Alaska Wild Salmon Season Draws to a Close

Commercial harvests of wild salmon for 2018 in Alaska are nearing an end, with about 500,000 salmon harvested in the past week, putting the overall preliminary harvest total at 110,450,000 fish. That total accounts for upwards of 50 million sockeyes, 39 million pinks, 17 million chums, 3.3 million cohos and 223,000 kings.

Fisheries economist Garrett Evridge of the McDowell Group in Juneau, Alaska, says in his latest weekly report to the Alaska Seafood Marketing Institute that Alaska’s 2018 pink salmon harvest is about six percent above 2016 levels, but well below the 2018 forecast of about 70 million humpies.

In the wake of two strong weeks of keta harvest, production in that fishery has slowed, with the past week yielding some 120,000 fish. The year-to-date keta numbers are about one third lower than 2017 and 13 percent below the five-year average, Evridge wrote.

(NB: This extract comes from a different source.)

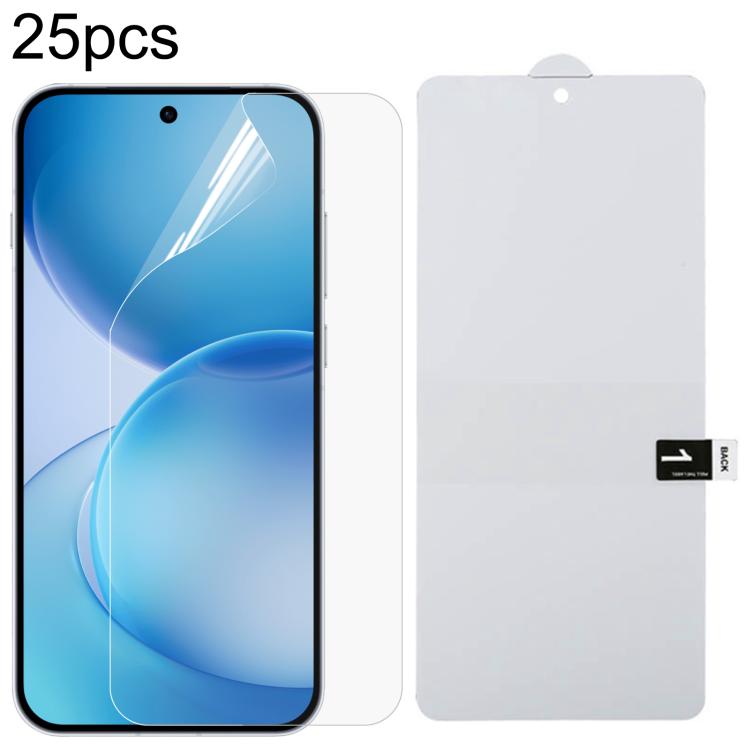 For OPPO Reno16 5G Global 25pcs Full Screen Protector Explosion-proof Hydrogel Film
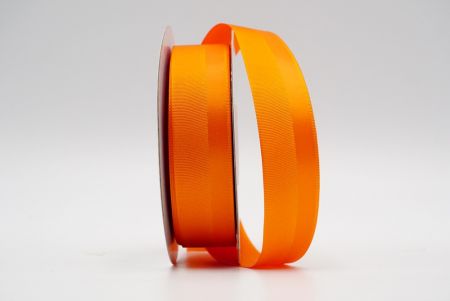 Оранжевая ребристая атласная лента дизайна Ribbon_K1188-A20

Year-to-date coho harvests are 33 percent lower than a year ago, with only two more weeks of production remaining. Few Chinooks have been caught in recent weeks, and year-to-date production is now seven percent lower than a year ago. In sockeye fisheries, the last week’s addition of 113,000 salmon brought the red salmon harvest over the 50 million fish mark.